Source: European Heart Journal
Author(s): Johannes Holfeld, Felix Nägele, Leo Pölzl, Clemens Engler, Michael Graber, Jakob Hirsch, Sophia Schmidt, Agnes Mayr, Felix Troger, Mathias Pamminger, Markus Theurl, Michael Schreinlechner, Nikolay Sappler, Elfriede Ruttmann-Ulmer, Wolfgang Schaden, John P Cooke, Hanno Ulmer, Axel Bauer, Can Gollmann-Tepeköylü, Michael Grimm

This study evaluated the outcomes after the use of cardiac shockwave therapy (SWT) combined with coronary artery bypass surgery (CABG) in patients with reduced left ventricular ejection fraction (LVEF) due to ischemic cardiomyopathy. Patients with LVEF ≤ 40 percent requiring CABG were enrolled in this single-blind, parallel-group, sham-controlled trial. Patients were randomly assigned to undergo direct cardiac SWT or sham treatment in addition to CABG. The primary efficacy endpoint was the improvement in LVEF measured by cardiac magnetic resonance imaging from baseline to 360 days. A total of 63 patients were randomized, 30 patients in the SWT group and 28 patients in the sham group. A greater improvement in LVEF was observed in the SWT group (Δ from baseline to 360 days: SWT 11.3 percent; Sham 6.3 percent, SD 7.4, P = 0.0146). Furthermore, patients in the SWT group significantly improved in the six minute walking test 360 days after randomization. The authors conclude that direct cardiac SWT, in addition to CABG, improves LVEF and physical capacity in patients with ischemic heart failure.

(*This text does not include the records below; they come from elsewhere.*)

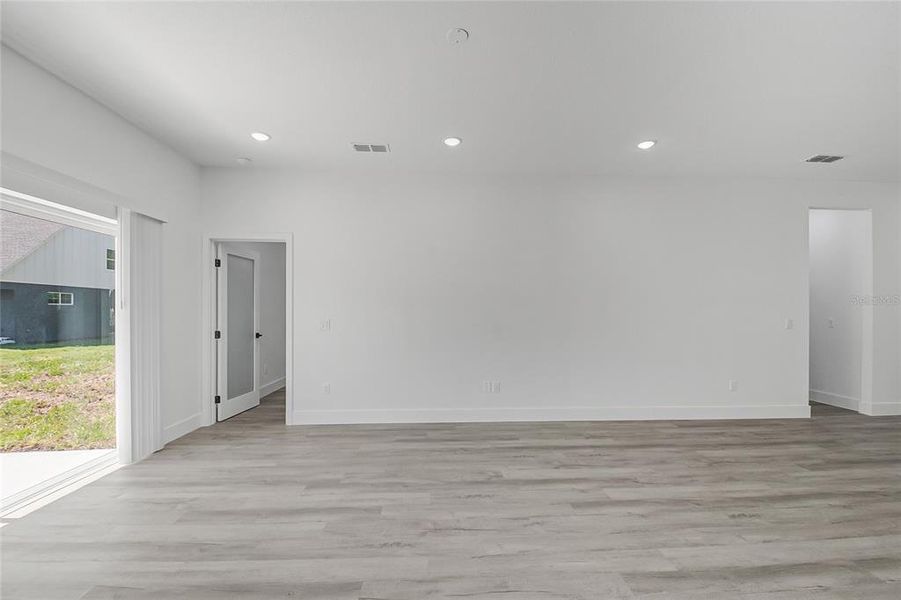 Spacious, unfurnished interior of a new home in , St. Cloud (Image 36).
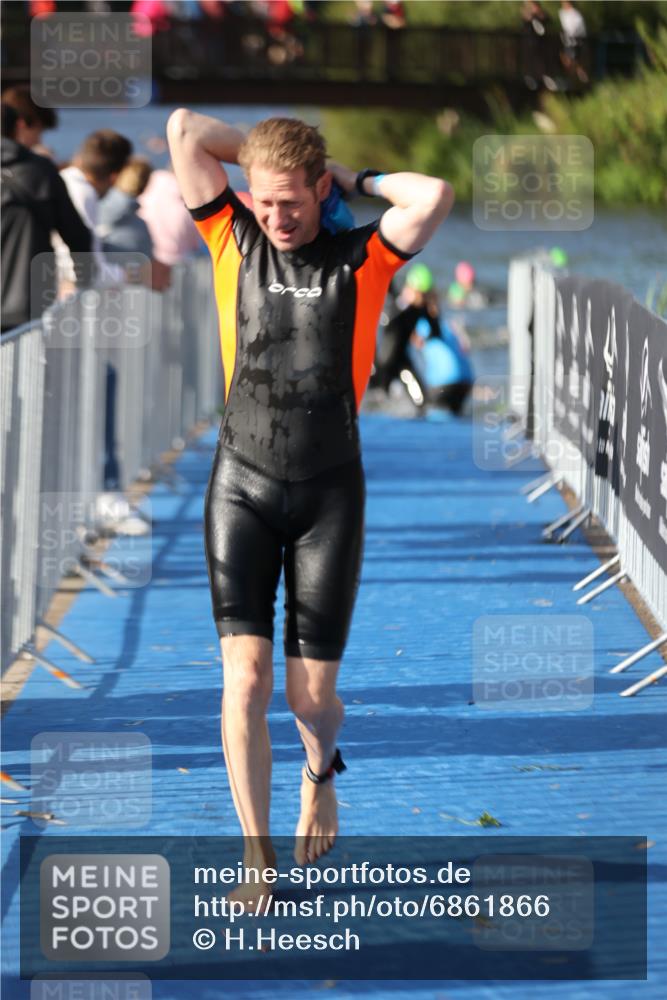 25.08.2024 - Elbe Triathlon Hamburg H.Heesch http://msf.ph/oto/6861866 25.08.2024 09:18:38 Schwimmen 221, 333, 341, 355, 357, 368, 374, 406, 418 meine-sportfotos.de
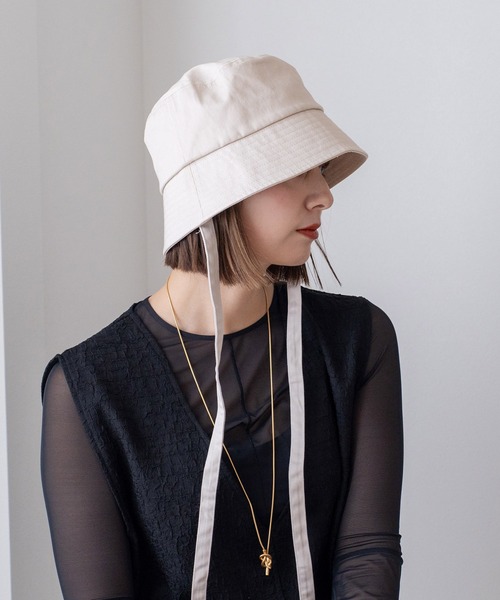 VitaFelice(ヴィータフェリーチェ)の「リボン付きバケットハット(ハット・レディース・ホワイト/ブラック/ライトベージュ・FREE)」の1枚目の写真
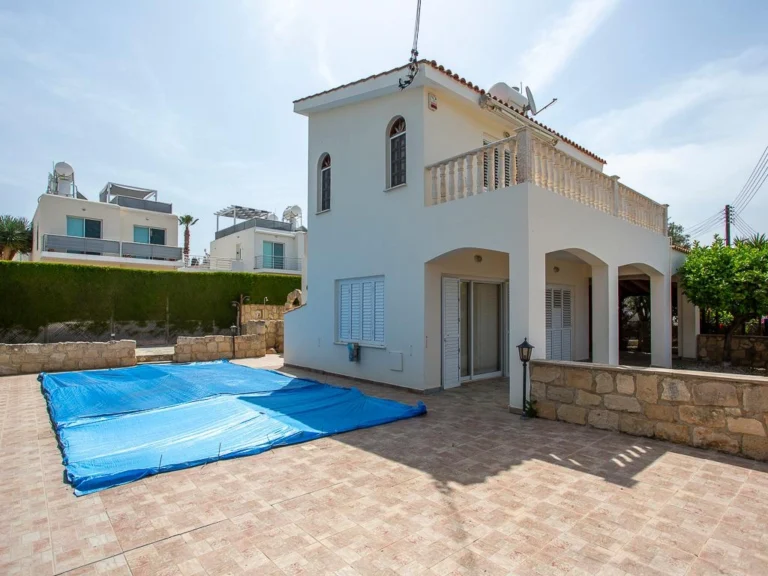 2 Bedroom House for Sale in Pegeia, Paphos District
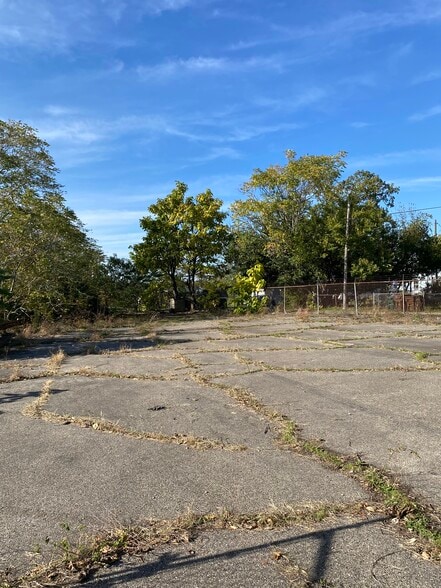 More Photos Of 1321 Forest Ave, Middletown Warehouse For Sale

Source: Society for Cardiothoracic Surgery in Great Britain and Ireland
Author(s): Aang Oo

This video is a balanced, gripping presentation on an increasingly common emergency problem for the on-call cardiac surgeon. Professor Oo discusses the evolving landscape of surgery for acute De Bakey I and II pathologies of the aortic organ. He discusses device use for malperfusion and juxtaposes it with FET and more simple, traditional options to treat acute type A aortic dissections.